*Description of the task:* Below is a block of records. Copy every line in it that contains the word "Logo".

*Records drawn from a dataset:*
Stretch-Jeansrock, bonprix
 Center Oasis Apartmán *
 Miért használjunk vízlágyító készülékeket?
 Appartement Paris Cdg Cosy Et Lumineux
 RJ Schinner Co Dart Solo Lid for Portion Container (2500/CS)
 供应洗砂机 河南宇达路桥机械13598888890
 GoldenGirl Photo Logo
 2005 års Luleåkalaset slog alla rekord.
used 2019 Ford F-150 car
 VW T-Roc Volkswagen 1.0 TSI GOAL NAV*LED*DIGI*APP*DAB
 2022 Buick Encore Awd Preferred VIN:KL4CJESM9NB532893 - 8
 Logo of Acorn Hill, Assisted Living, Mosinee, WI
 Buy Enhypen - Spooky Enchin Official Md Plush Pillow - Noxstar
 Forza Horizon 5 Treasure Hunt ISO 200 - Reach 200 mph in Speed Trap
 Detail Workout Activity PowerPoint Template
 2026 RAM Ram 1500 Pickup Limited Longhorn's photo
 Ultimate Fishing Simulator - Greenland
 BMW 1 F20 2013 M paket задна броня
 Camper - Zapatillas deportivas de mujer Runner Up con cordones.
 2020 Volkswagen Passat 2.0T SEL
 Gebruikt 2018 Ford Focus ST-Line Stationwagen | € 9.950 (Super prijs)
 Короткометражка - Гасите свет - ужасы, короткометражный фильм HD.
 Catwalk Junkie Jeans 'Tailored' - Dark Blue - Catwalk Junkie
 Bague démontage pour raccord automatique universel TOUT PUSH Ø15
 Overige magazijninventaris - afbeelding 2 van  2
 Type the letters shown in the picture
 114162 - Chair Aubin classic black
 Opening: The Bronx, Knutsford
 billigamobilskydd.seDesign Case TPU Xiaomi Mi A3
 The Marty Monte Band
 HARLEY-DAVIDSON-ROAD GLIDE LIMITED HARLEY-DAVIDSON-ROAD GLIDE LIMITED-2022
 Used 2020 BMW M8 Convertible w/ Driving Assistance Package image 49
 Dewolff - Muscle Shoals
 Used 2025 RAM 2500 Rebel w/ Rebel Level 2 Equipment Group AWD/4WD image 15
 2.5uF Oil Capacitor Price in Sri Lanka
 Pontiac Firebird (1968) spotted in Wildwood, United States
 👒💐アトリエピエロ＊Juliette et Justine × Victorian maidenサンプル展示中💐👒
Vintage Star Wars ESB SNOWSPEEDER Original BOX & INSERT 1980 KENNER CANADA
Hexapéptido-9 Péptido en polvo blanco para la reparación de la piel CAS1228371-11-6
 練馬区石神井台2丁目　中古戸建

*Final answer:*
 GoldenGirl Photo Logo
 Logo of Acorn Hill, Assisted Living, Mosinee, WI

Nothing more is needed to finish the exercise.